AIM OF THE EXERCISE - In the copy, include no images. Reproduce the entries exactly.

-------

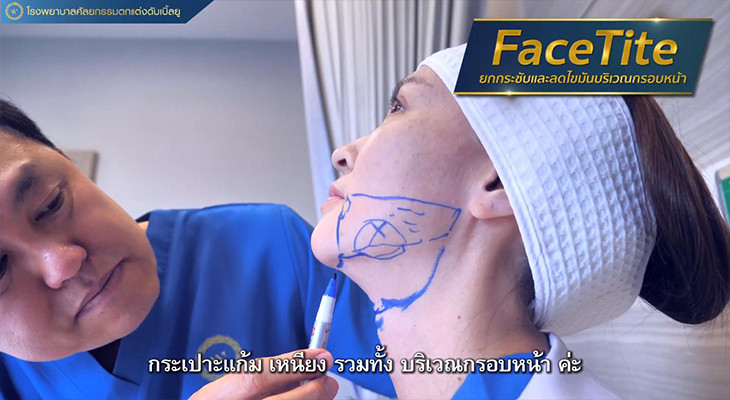 คุณปุ้ย facetite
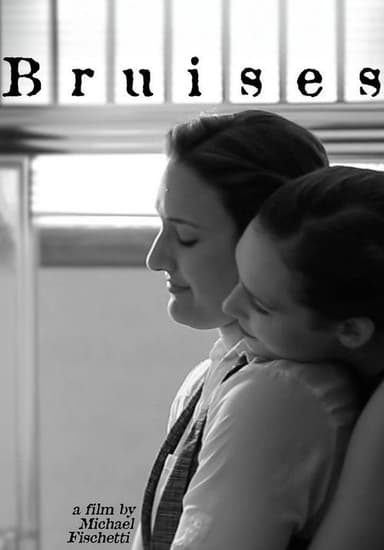 Bruises
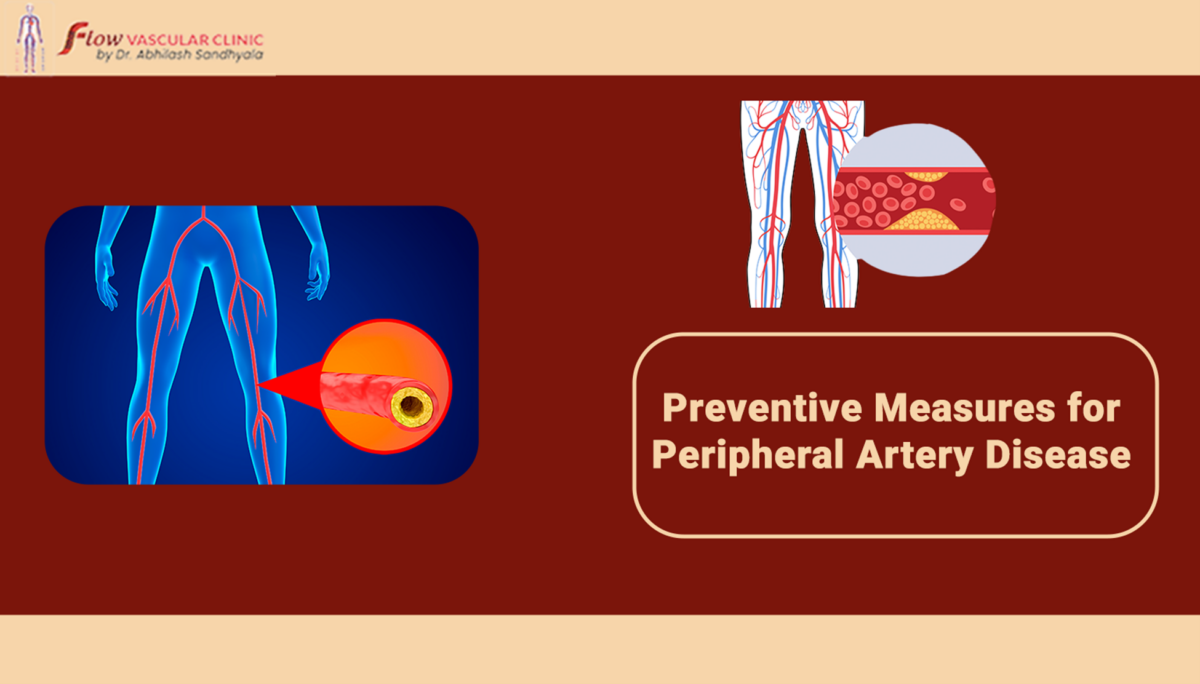 Preventive-measures-for-peripheral-artery-disease  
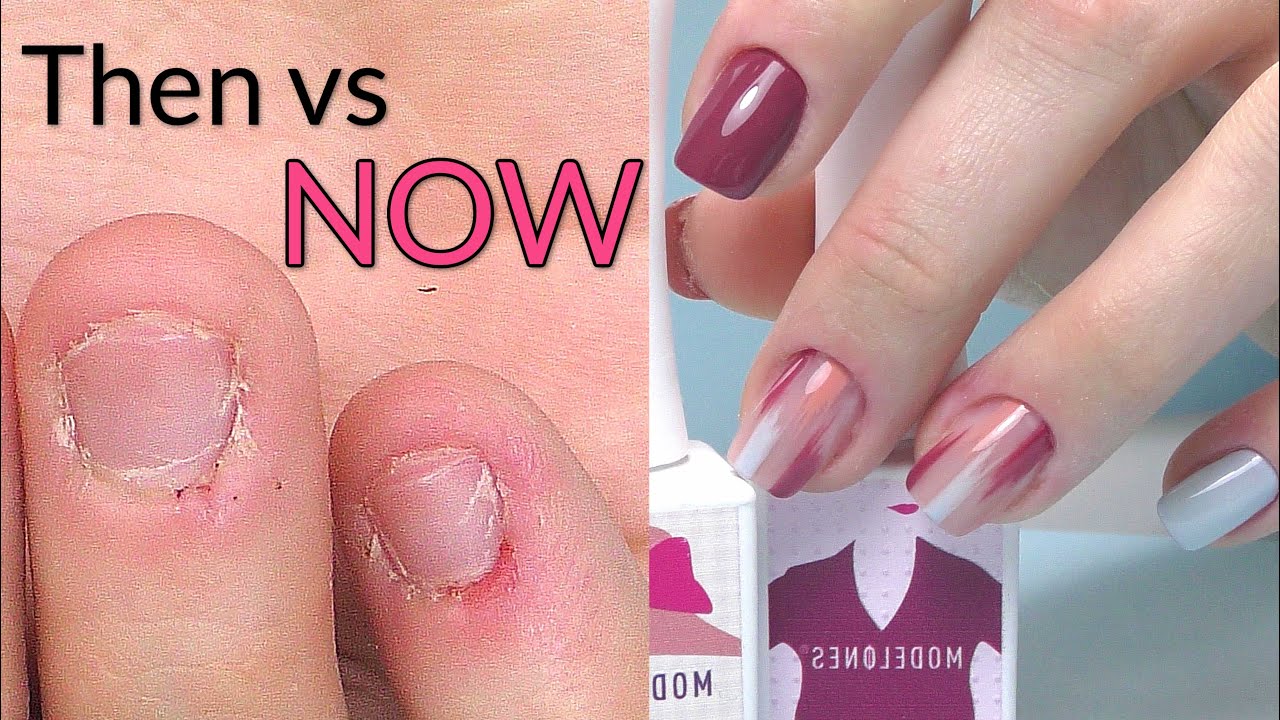 Short Bitten Nails Transformation Acrylic Fill & Update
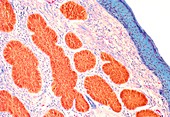 Skin cancer,light micrograph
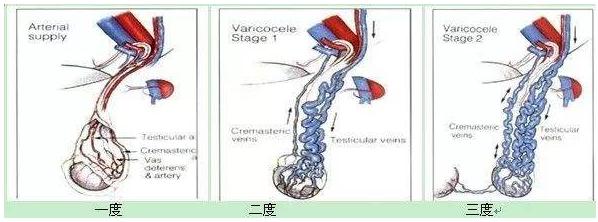 显微外科精索静脉低位结扎术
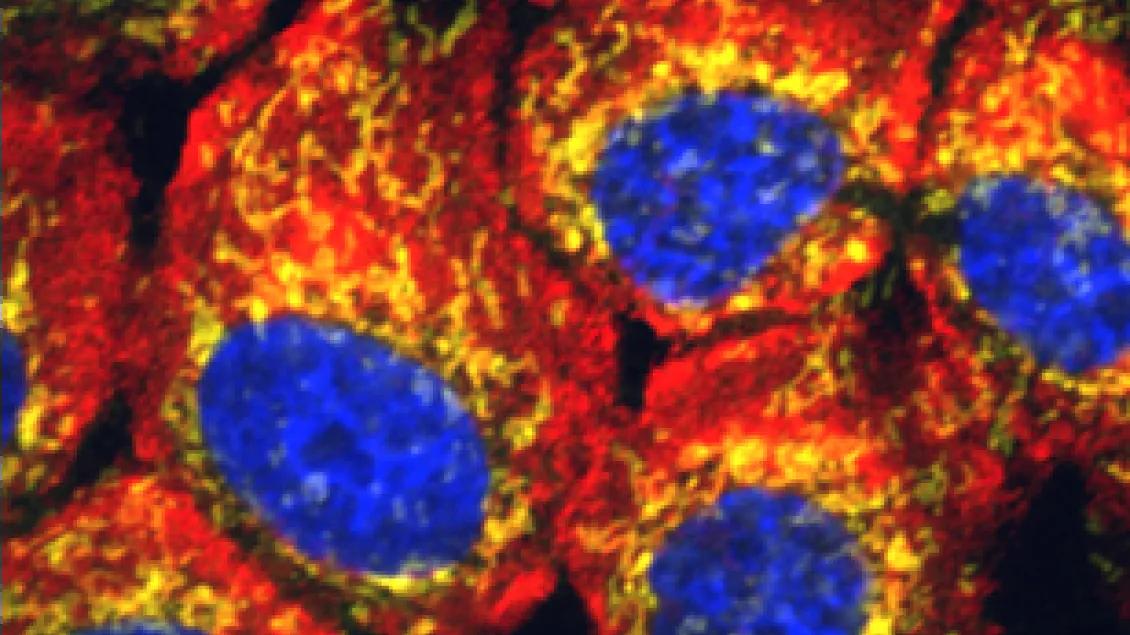 A microscopic lab slide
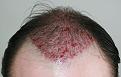 Click image for larger version

Name:	dk - immediate post-op chin down.jpg
Views:	344
Size:	92.5 KB
ID:	469285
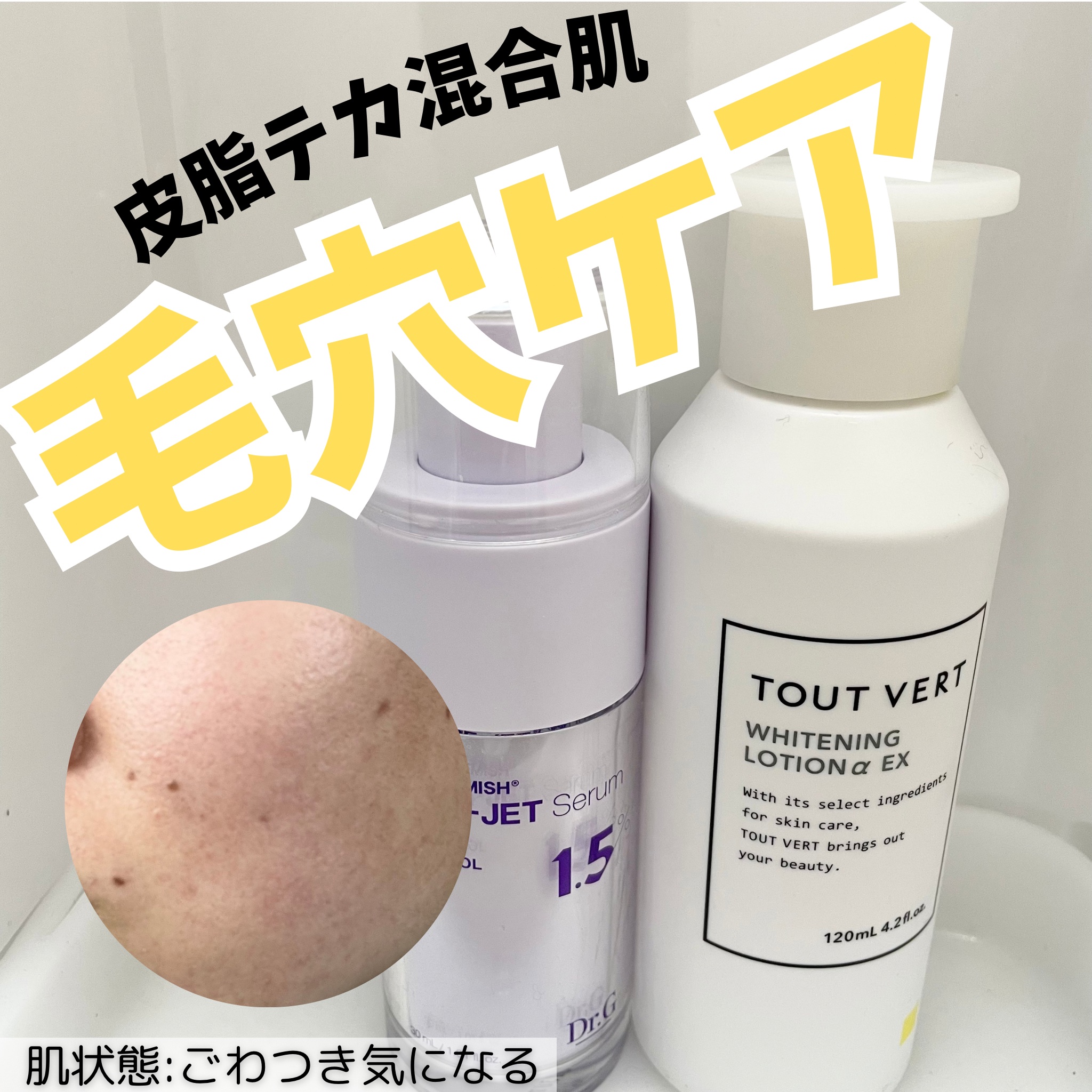 薬用ホワイトニングローションα EX/TOUT VERT/化粧水を使ったクチコミ（1枚目）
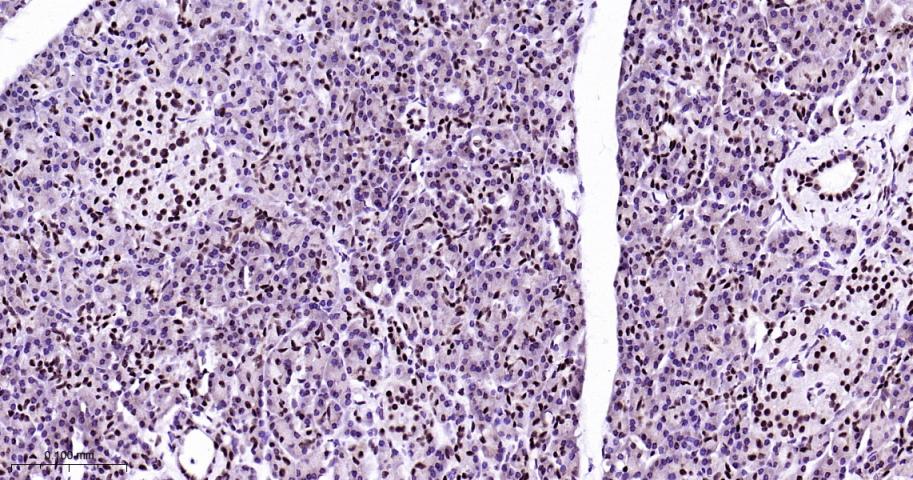 异染色质蛋白1-α重组兔单抗-bsm-61202R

-------

WORKED SOLUTION -
 คุณปุ้ย facetite
 Bruises
 Preventive-measures-for-peripheral-artery-disease  
 Short Bitten Nails Transformation Acrylic Fill & Update
 Skin cancer,light micrograph
 显微外科精索静脉低位结扎术
 A microscopic lab slide
 Click image for larger version

Name:	dk - immediate post-op chin down.jpg
Views:	344
Size:	92.5 KB
ID:	469285
 薬用ホワイトニングローションα EX/TOUT VERT/化粧水を使ったクチコミ（1枚目）
 异染色质蛋白1-α重组兔单抗-bsm-61202R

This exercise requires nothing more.